→ **Data shown**
= Beginning of Section =

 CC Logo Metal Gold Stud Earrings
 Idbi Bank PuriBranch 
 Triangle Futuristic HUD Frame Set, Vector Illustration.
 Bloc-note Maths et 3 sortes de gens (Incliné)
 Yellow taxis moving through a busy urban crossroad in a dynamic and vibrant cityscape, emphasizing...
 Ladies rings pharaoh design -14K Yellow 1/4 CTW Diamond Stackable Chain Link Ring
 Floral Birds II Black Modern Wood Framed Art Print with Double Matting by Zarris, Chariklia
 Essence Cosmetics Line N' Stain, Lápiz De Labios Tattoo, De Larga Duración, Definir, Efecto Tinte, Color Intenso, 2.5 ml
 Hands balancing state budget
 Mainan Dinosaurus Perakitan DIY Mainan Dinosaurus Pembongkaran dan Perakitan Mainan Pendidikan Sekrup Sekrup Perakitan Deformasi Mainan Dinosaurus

= End of Section =
= Beginning of Section =

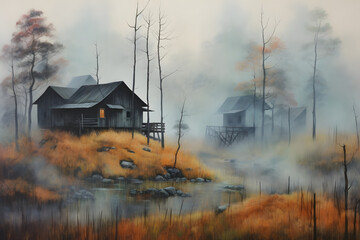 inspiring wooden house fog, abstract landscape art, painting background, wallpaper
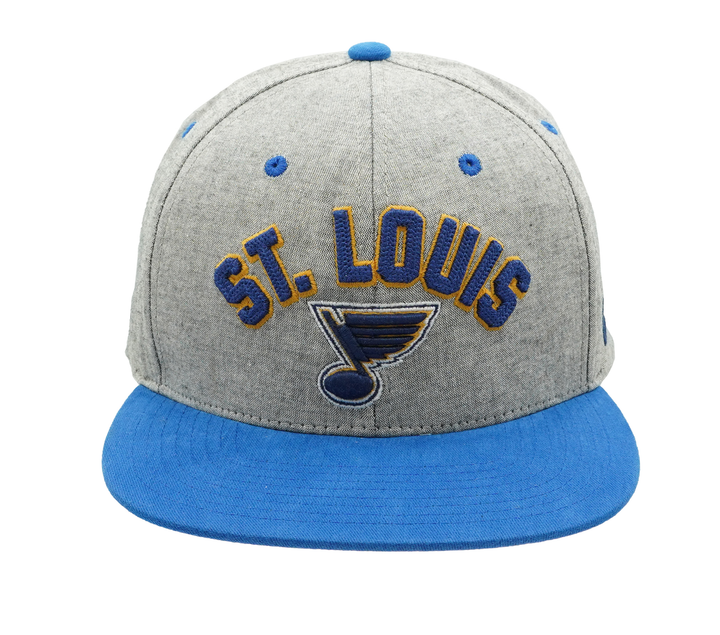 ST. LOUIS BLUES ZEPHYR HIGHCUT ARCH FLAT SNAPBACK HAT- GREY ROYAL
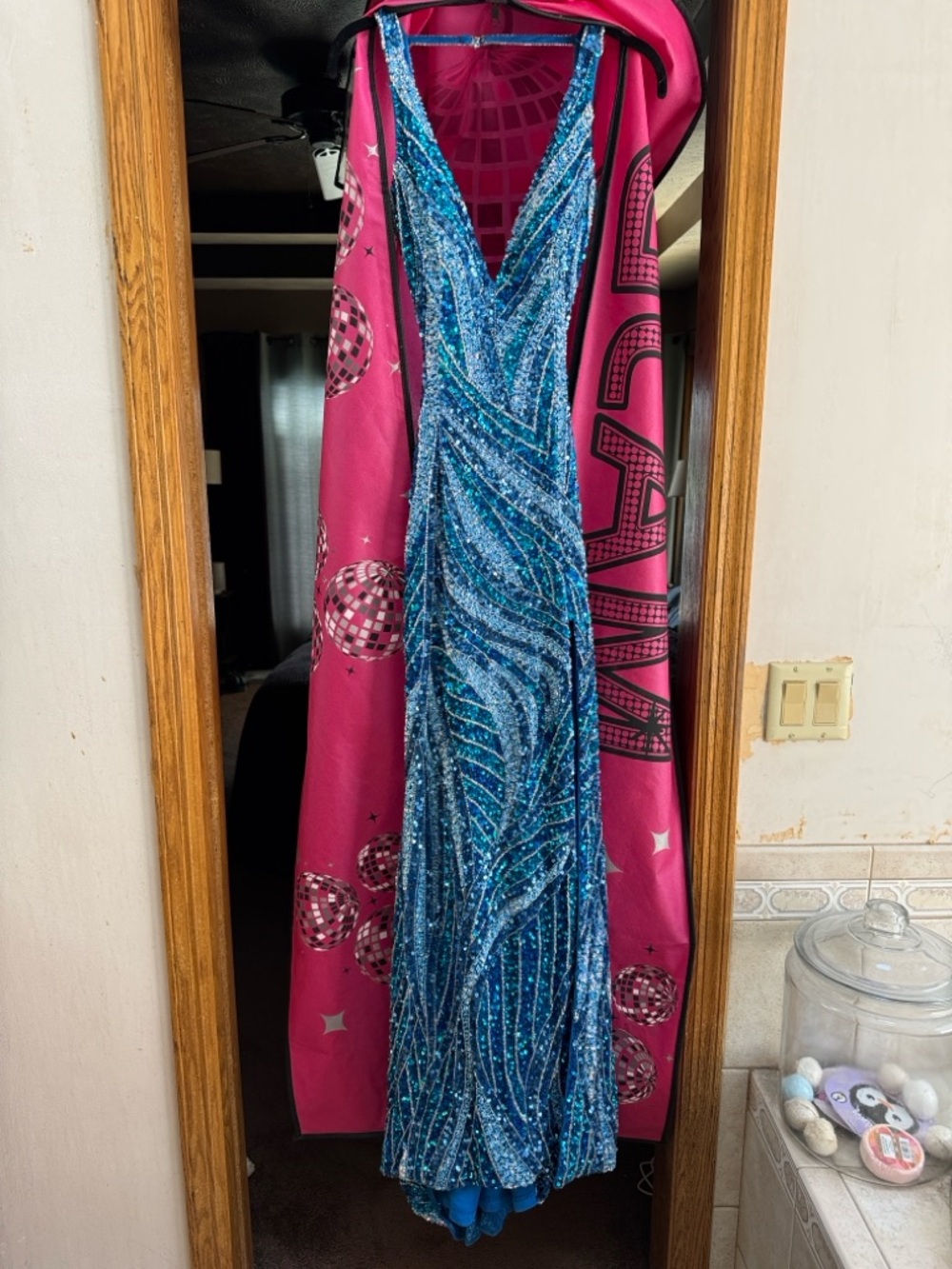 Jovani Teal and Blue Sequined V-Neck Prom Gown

= End of Section =

→ **Activity**
Within the entries above, some lines may contain "Yellow". Report how many, and nothing else.

→ **Reply**
2